Gentry said conducting the surveys and meeting people on the street was “a reminder of why I’m in the business.”
Shortly after the early-morning street interviews concluded, surveys with homeless people in other locations throughout the county began, including at Crisis House in El Cajon.
Jack Micklos, assistant executive director of Crisis House, said the interviews will help “paint a picture of who these people are.”
Carol DeLaurentis, 64, was among the people interviewed. With long gray hair and piercing blue eyes, her smile lit up as she pulled a doll she had being sewing for her goddaughter Carly out of one of her bags.
Homeless since October, DeLaurentis said she has lost 28 pounds.
“I went from a size 9 to a baggy size 5,” she said. “Not a good diet.”
“If it weren’t for them, I’d be afraid,” she said. “A lot of homeless people are wonderful people. It’s the few rotten ones that make it look bad for all of us.”She said she camps close to six or seven other homeless people, who all look out for one another.
Being close to Crisis House allows her to charge her “Obama phone,” have a mailing address that allows her to pick up Social Security checks when they arrive, and access to a food pantry that also offers hygiene items and clothes.
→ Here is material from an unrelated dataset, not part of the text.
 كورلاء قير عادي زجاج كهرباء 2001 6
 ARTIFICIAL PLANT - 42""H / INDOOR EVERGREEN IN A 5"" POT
A 1971 graduate of Hilltop High, she has been married twice, has a 44-year-old daughter and two adult grandchildren. She has reached out to her daughter as well as her two sisters and brother, but has been repeatedly shunned.
She has had different jobs over the years, including waitress, shipping supervisor, bookkeeper and her favorite career – landscaping. Finding work at her age is difficult.
“My goal is to find a place to call home,” DeLaurentis said. “I don’t care if it’s an independent care living situation, a shed or a converted room.”